-------- Input --------
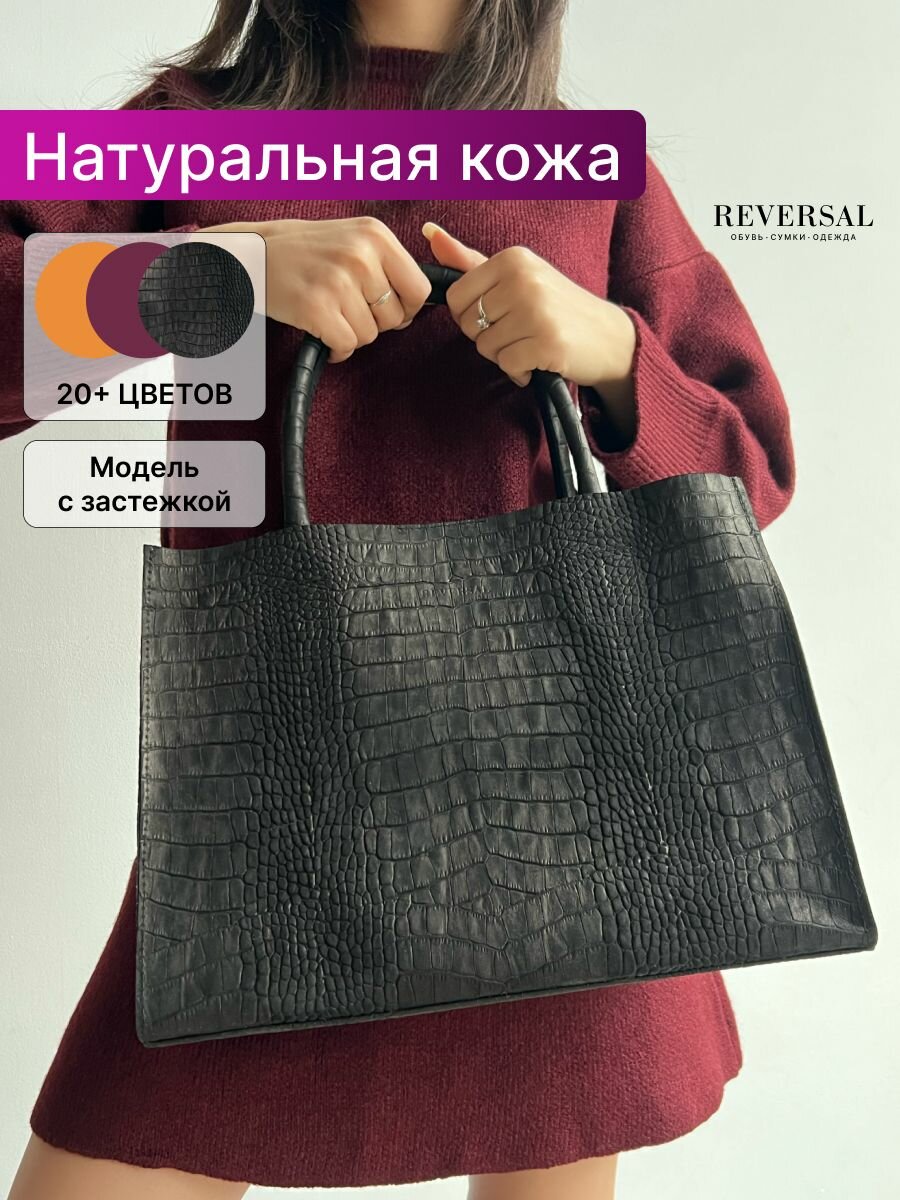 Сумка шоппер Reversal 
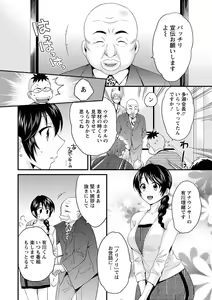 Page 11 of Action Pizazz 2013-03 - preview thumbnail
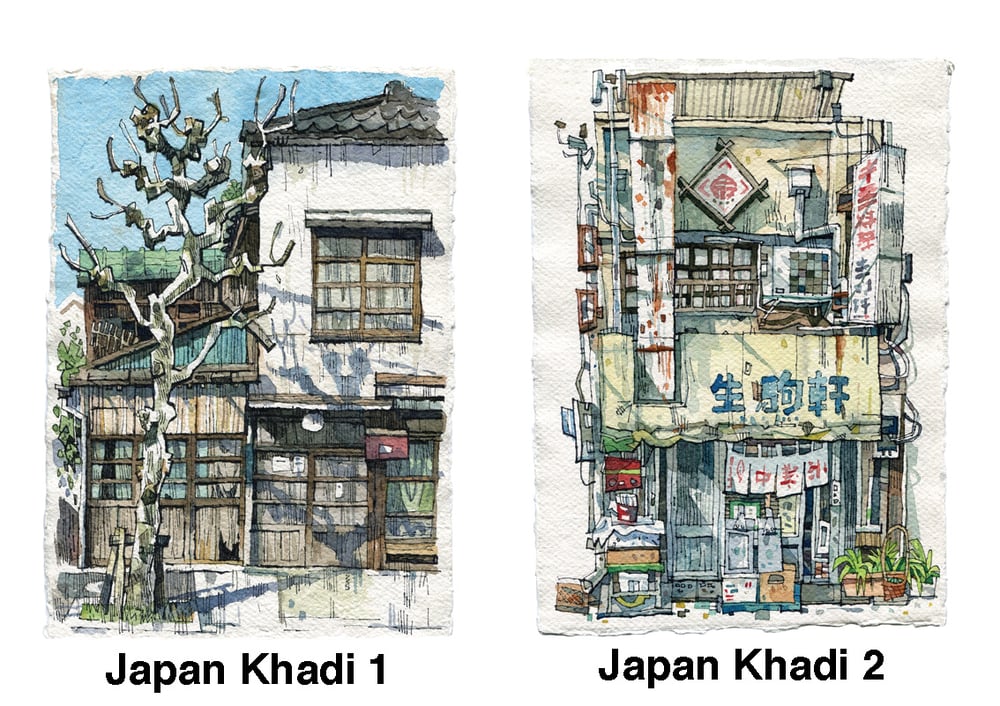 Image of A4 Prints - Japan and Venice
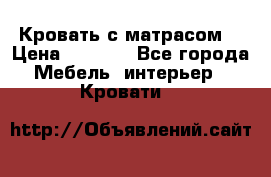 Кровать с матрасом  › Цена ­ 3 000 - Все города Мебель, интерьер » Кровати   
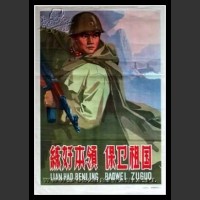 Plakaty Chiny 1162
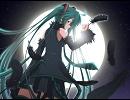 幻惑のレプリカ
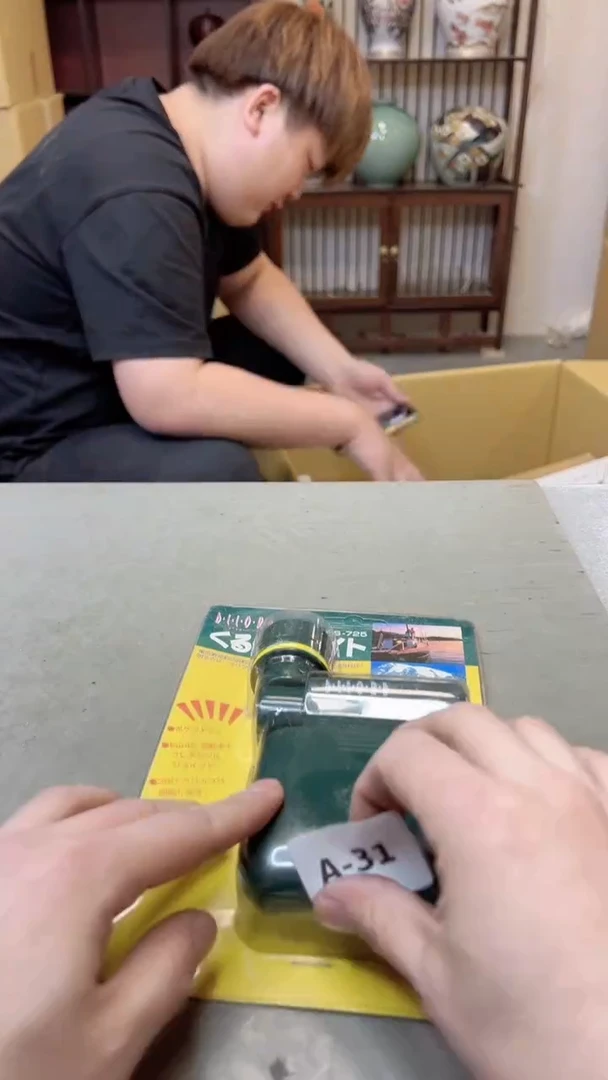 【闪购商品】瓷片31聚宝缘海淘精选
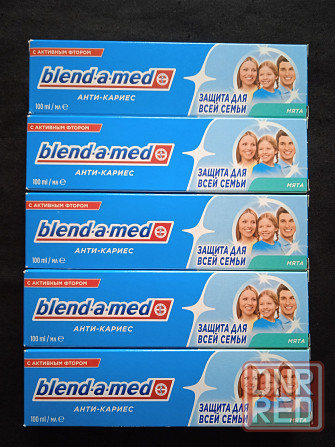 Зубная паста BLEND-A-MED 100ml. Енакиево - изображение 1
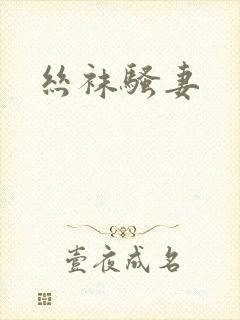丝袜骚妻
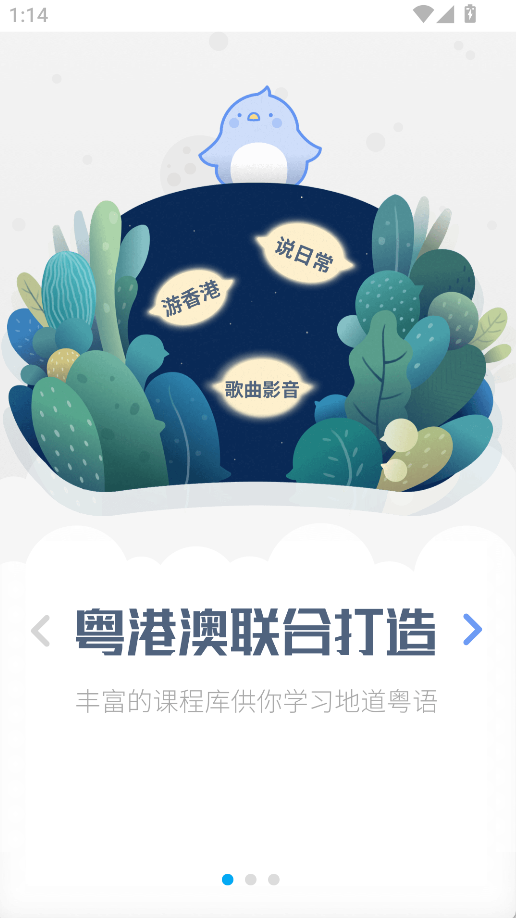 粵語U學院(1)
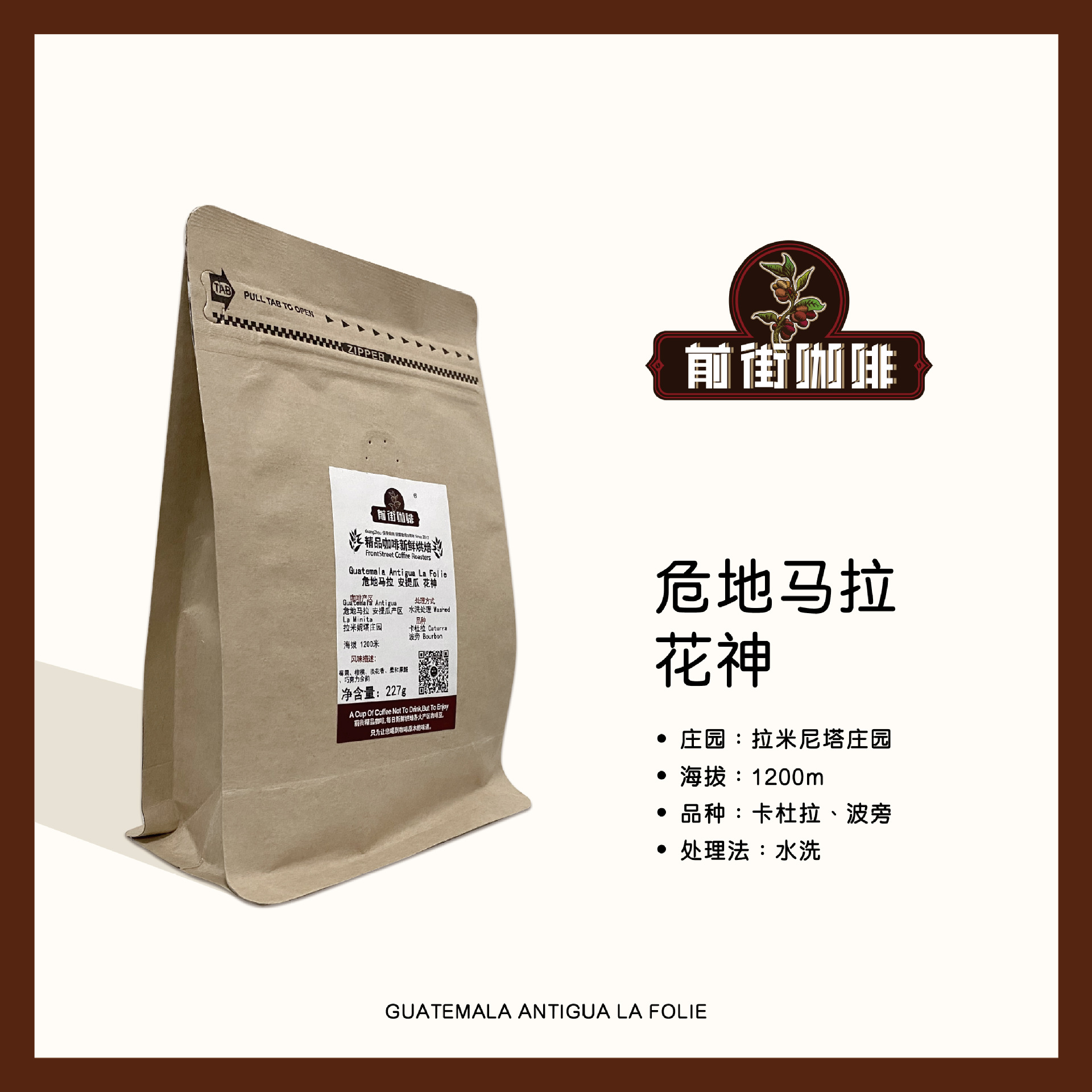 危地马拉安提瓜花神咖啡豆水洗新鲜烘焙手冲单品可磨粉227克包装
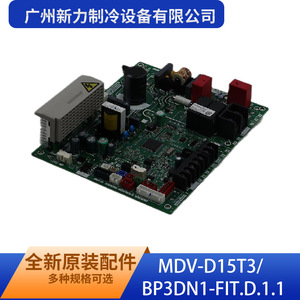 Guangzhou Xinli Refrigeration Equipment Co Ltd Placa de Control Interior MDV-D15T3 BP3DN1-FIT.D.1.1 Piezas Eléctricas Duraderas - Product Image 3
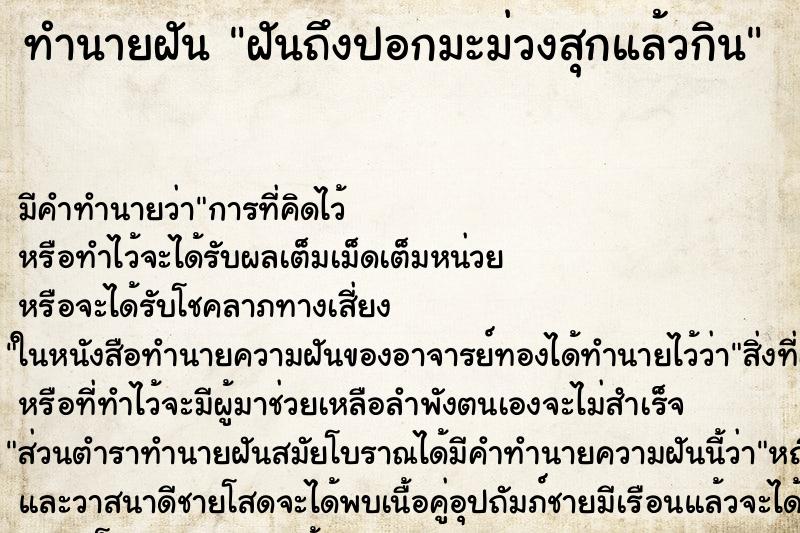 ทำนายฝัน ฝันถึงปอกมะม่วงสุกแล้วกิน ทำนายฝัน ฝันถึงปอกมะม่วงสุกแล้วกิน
--------
### Aim of the task:
All entries above are to be set down word for word, and the pictures are to be left out.

### Answer to the exercise:
 Сумка шоппер Reversal 
 Page 11 of Action Pizazz 2013-03 - preview thumbnail
 Image of A4 Prints - Japan and Venice
 Кровать с матрасом  › Цена ­ 3 000 - Все города Мебель, интерьер » Кровати   
 Plakaty Chiny 1162
 幻惑のレプリカ
 【闪购商品】瓷片31聚宝缘海淘精选
 Зубная паста BLEND-A-MED 100ml. Енакиево - изображение 1
丝袜骚妻
 粵語U學院(1)
 危地马拉安提瓜花神咖啡豆水洗新鲜烘焙手冲单品可磨粉227克包装
 Guangzhou Xinli Refrigeration Equipment Co Ltd Placa de Control Interior MDV-D15T3 BP3DN1-FIT.D.1.1 Piezas Eléctricas Duraderas - Product Image 3
 ทำนายฝัน ฝันถึงปอกมะม่วงสุกแล้วกิน ทำนายฝัน ฝันถึงปอกมะม่วงสุกแล้วกิน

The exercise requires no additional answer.